Update, Aug 8: One article, plenty of Twitter antagonization, and an unanswered email about reporting errors later, Vogue has listened … kind of? After this article was published, Billy Penn reached out to Vogue directly with a pitch: correct the inaccuracies, and let us help you write a revamped guide to Philly.

Well, only one of those things happened. Vogue has since updated their insider’s guide to Philly to remove any mention of Frank Gehry or two since-closed boutiques, but has yet to issue a formalized correction.

Hey Vogue,

Are you new here? Because I’m not — and your “insider’s guide” to Philly sounds like it came from an outsider who thought they were too posh to do much more than glance around.

The itinerary is rife with inaccuracies. Beyond that, you’ve curated a stilted version of Philly that takes its cue from overly-filtered travel porn of Rittenhouse Square rowhomes.

Yes, one can stay at the Center City Four Seasons, buy an overpriced maxi skirt at Boyds, and eat at a Mike Solomonov restaurant for every meal. And probably have a great time.

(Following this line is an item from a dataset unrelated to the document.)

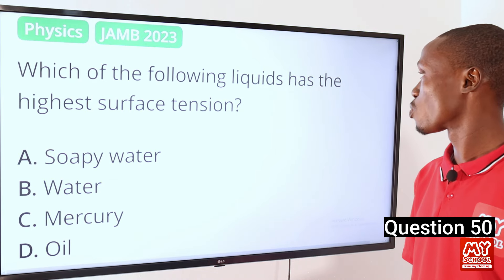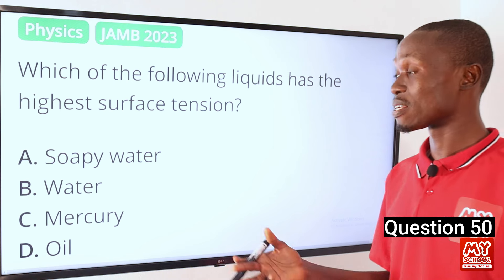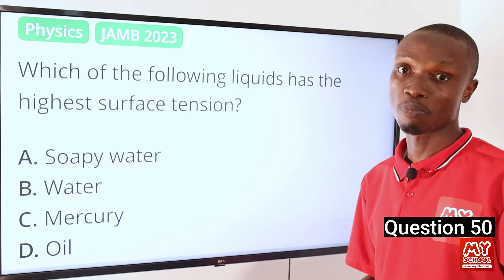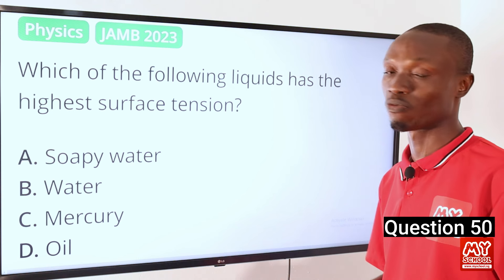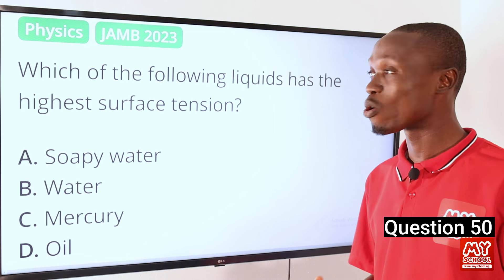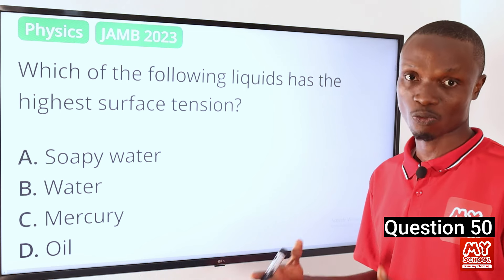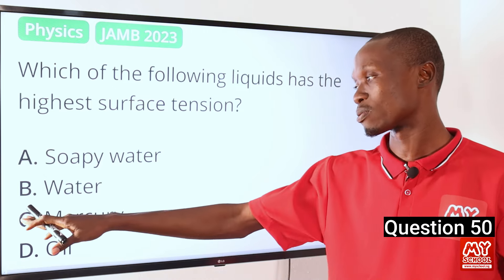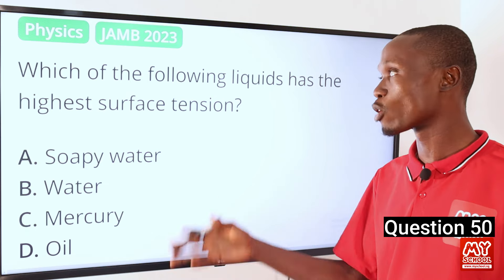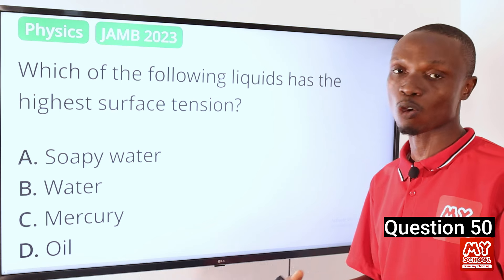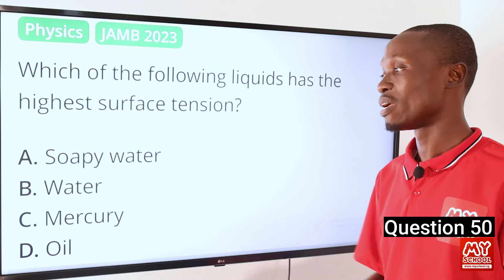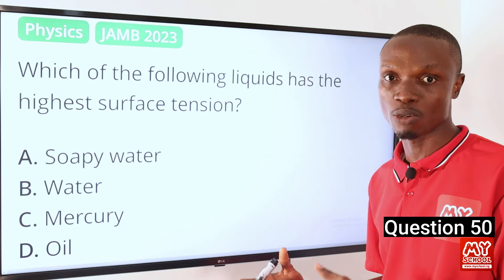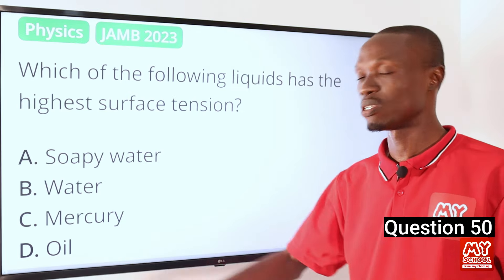Question 50. Which of the following liquids has the highest surface tension? Surface tension is the force acting parallel to the surface of a liquid, caused by cohesive forces between the liquid's molecules. The higher the cohesive forces, the higher the surface tension. Of the options — soapy water, water, mercury, and the fourth option — mercury has the highest surface tension because the cohesive force between mercury molecules is higher than the adhesive force between mercury and other substances. So option C, mercury, is correct.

Or you could actually get to know us, and discover Philly isn’t just about “aggressive sports fandom and proclivity toward a steak ‘whiz wit’.” We’re a city of too-honest neighbors, the kind that share aggression, gossip, and oversized Sunday dinners with equal zest. We commiserate over beat-up robots, swim in dumpster pools, turn construction zones into roller-discos, and serve up some of the best birria tacos. We wouldn’t have it any other way.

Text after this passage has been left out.